As Marzano writes in his central and essential research on this question, instruction is increasingly a science rather than an art, and the research is now too good to be dismissed. And brain research has advanced too far to be ignored. So a 21st c. school is vigorously pursuing understanding of what the research tells us are the best ways for students to learn. Now, this should never be a straightjacket, and Marzano himself, in one of my favorite passages, says it is for experienced and thoughtful educators to select and apply the research with a careful eye for contingent circumstances. Besides Marzano, I am also especially interested in contemporary educational thinkers Grant Wiggins and Tony Wagner-- but my list is not intended to be exclusive.
2. How are we educating for critical inquiry, deep thinking, and problemsolving?

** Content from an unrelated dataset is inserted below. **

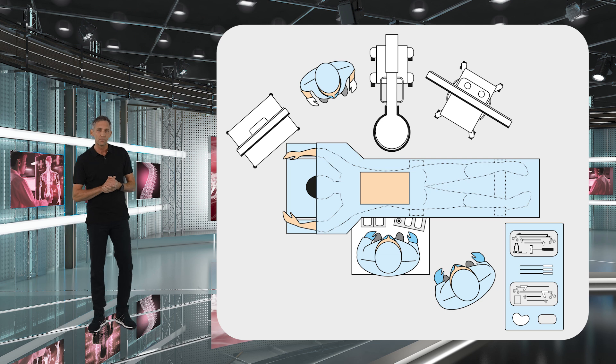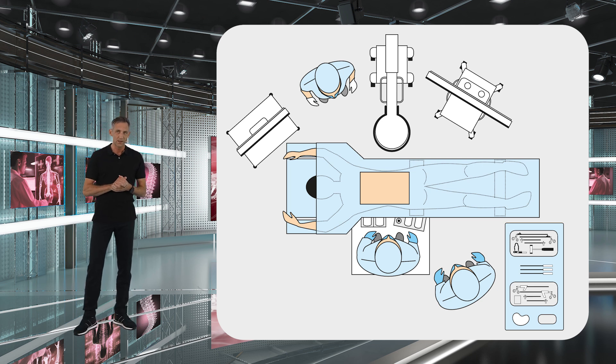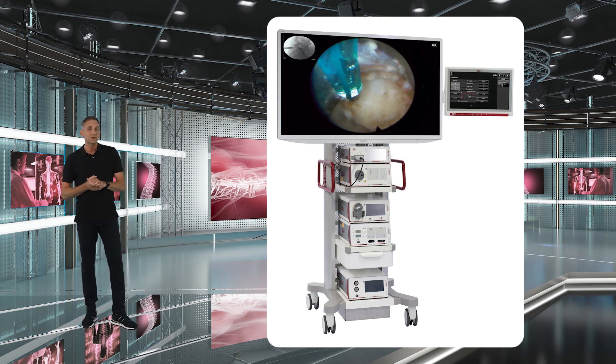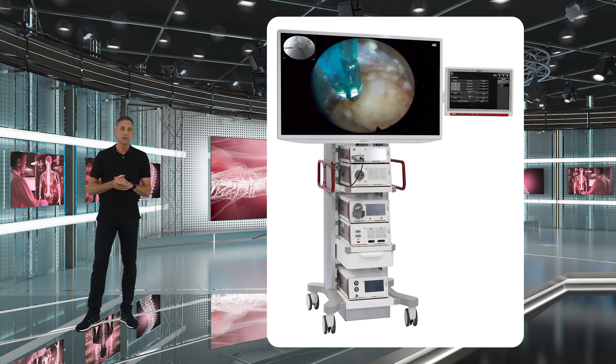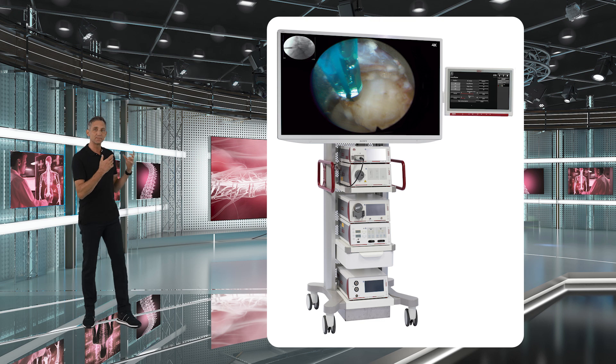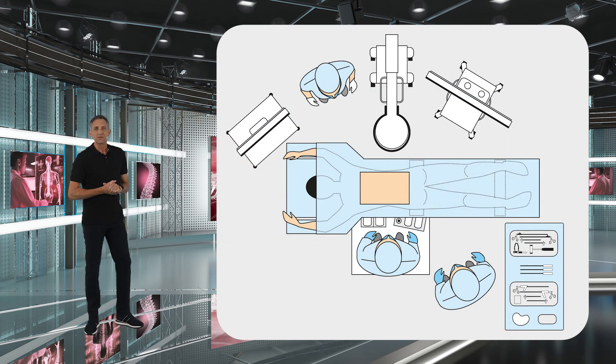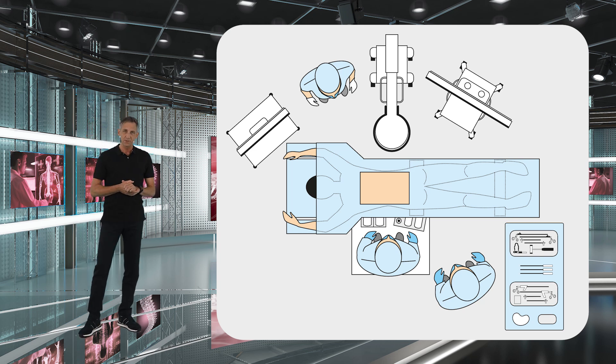You will see the endoscopic tower with all of our necessary equipment that we need — for example, the water pump. There is the bipolar and the radio frequency system, which you need for coagulation. We also have the camera system, and then there is the console for the high-speed burr and all the rest. This equipment is positioned at the far end of the patient, and this is also where the scrub nurse is positioned.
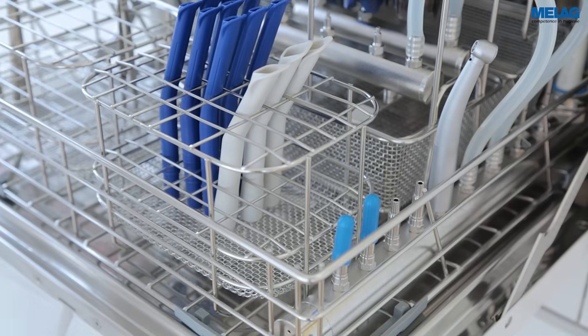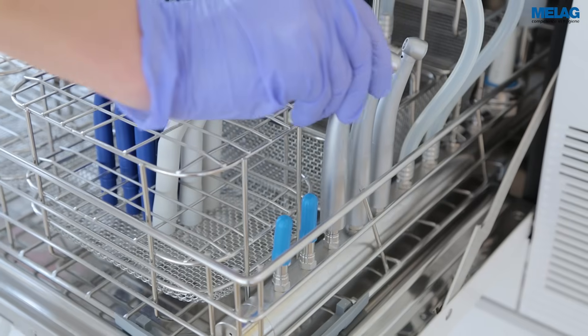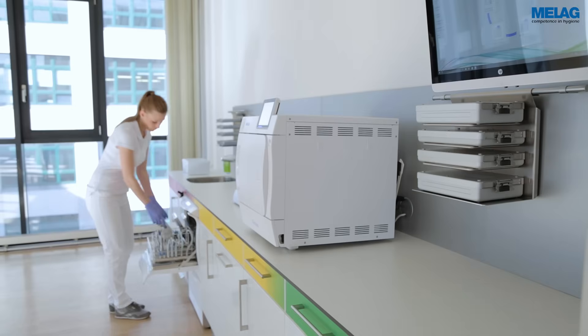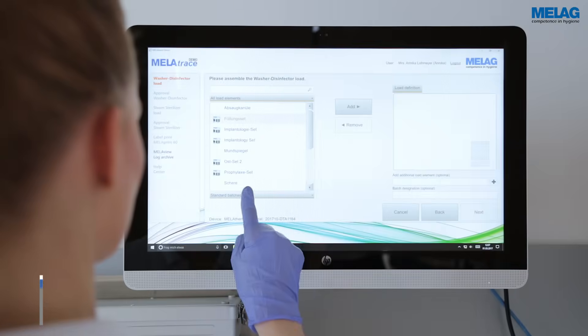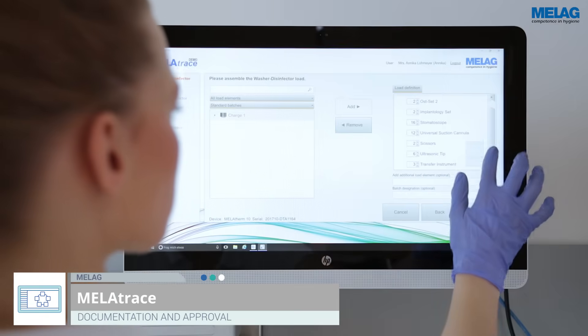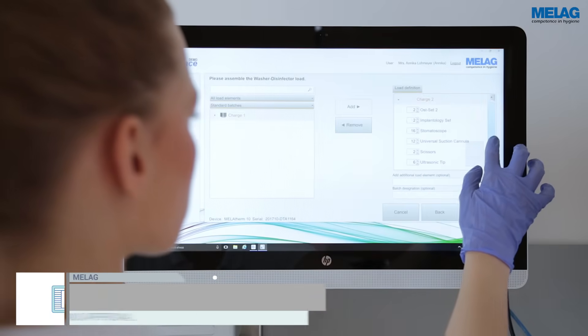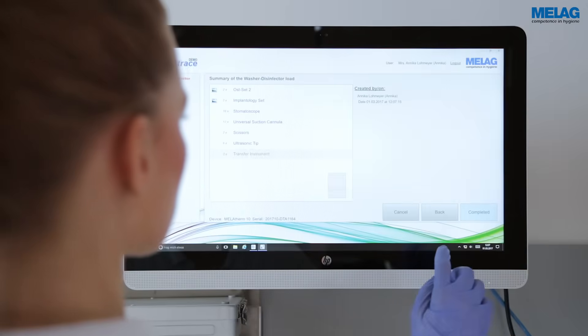An ever greater importance in the treatment process is placed on standardised decontamination of hollow instruments. The use of the intuitive and clearly arranged documentation and approval software MeLaTrace allows complete transparency. Defined load elements of the MeLag Therm 10 batch can be clearly attributed to a later approval.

Voltaire was hardly 21st century, but he said to judge a thinker not by his answers but by her questions-- and this, I think, is more important than ever. Again and again as I read about good teaching and learning, I am struck by the emphasis on questioning, on teaching that promotes not certainty but ambiguity and argumentation. Teaching should problematize, and learners should approach topics critically, grappling with underlying "essential questions." Much of the quality of a high school classroom can be found in the quality of the questions teachers ask students, and students ask of their teachers, or each other, of themselves.
3. How is our educational program attending and responding to the way the world is changing, and what we believe as a school will be required of our graduates for success on a fast-changing planet?
Tony Wagner. Dan Pink. Howard Gardner. Thomas Friedman. Ray Kurzweil. I realize that sometimes Dan Pink, one of my favorites, can be a bit glib and superficial. But the key here again is not that there exist any certain answers to how the world is changing, or that any individual guide has the best directions, but a 21st century education is actively engaged, ongoingly, in the consideration of how the future will be different, and reviewing its own program for alignment. This can be done is so many ways-- even in totally fun ways by watching future-set movies-- and then seriously grappling with how our program can best adapt to our view of the future.
4. How is our educational program effectively and richly utilizing contemporary 21st c. tools for learning?
The Greeks used a great deal of memorization and recitation as learning tools, because they only rarely could use writing; schools quickly adopted blackboards when they first became available. Good schools are always using the best current technology available to advance student learning-- not to learn the technology, but to use the tools to advance the learning. The tools of our age are digital: laptops, cellphones, podcasts, wikispaces, and many more. They are powerful and wonderful tools, and should be thoroughly and appropriately integrated, into student learning in a seamless way.
5. How is our educational program one which advances sustainability and stewardship?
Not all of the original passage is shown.